Class-Disentanglement and Applications in Adversarial Detection and Defense

Abstract

What is the minimum necessary information required by a neural net $D(\cdot)$ from an image $x$ to accurately predict its class? Extracting such information in the input space from $x$ can allocate the areas $D(\cdot)$ mainly attending to and shed novel insights to the detection and defense of adversarial attacks.

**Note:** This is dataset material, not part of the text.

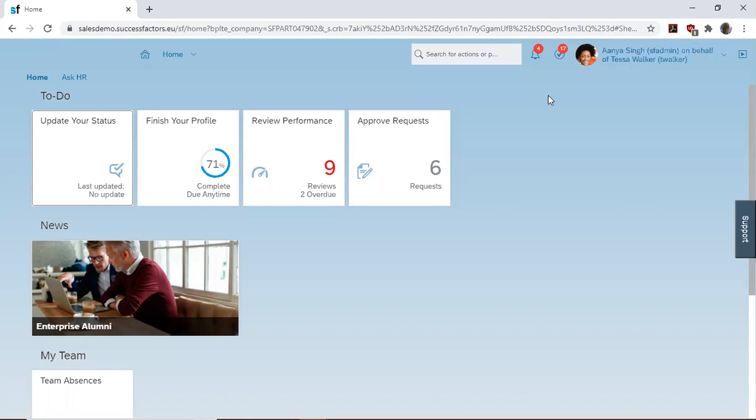Offer letter is a feature in SuccessFactors recruiting management that helps recruiters to generate offer letters, route them for approval, and extend those to candidates once approved.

In this paper, we propose ''class-disentanglement'' that trains a variational autoencoder $G(\cdot)$ to extract this class-dependent information as $x - G(x)$ via a trade-off between reconstructing $x$ by $G(x)$ and classifying $x$ by $D(x-G(x))$, where the former competes with the latter in decomposing $x$ so the latter retains only necessary information for classification in $x-G(x)$. We apply it to both clean images and their adversarial images and discover that the perturbations generated by adversarial attacks mainly lie in the class-dependent part $x-G(x)$. The decomposition results also provide novel interpretations to classification and attack models. Inspired by these observations, we propose to conduct adversarial detection and adversarial defense respectively on $x - G(x)$ and $G(x)$, which consistently outperform the results on the original $x$. In experiments, this simple approach substantially improves the detection and defense against different types of adversarial attacks.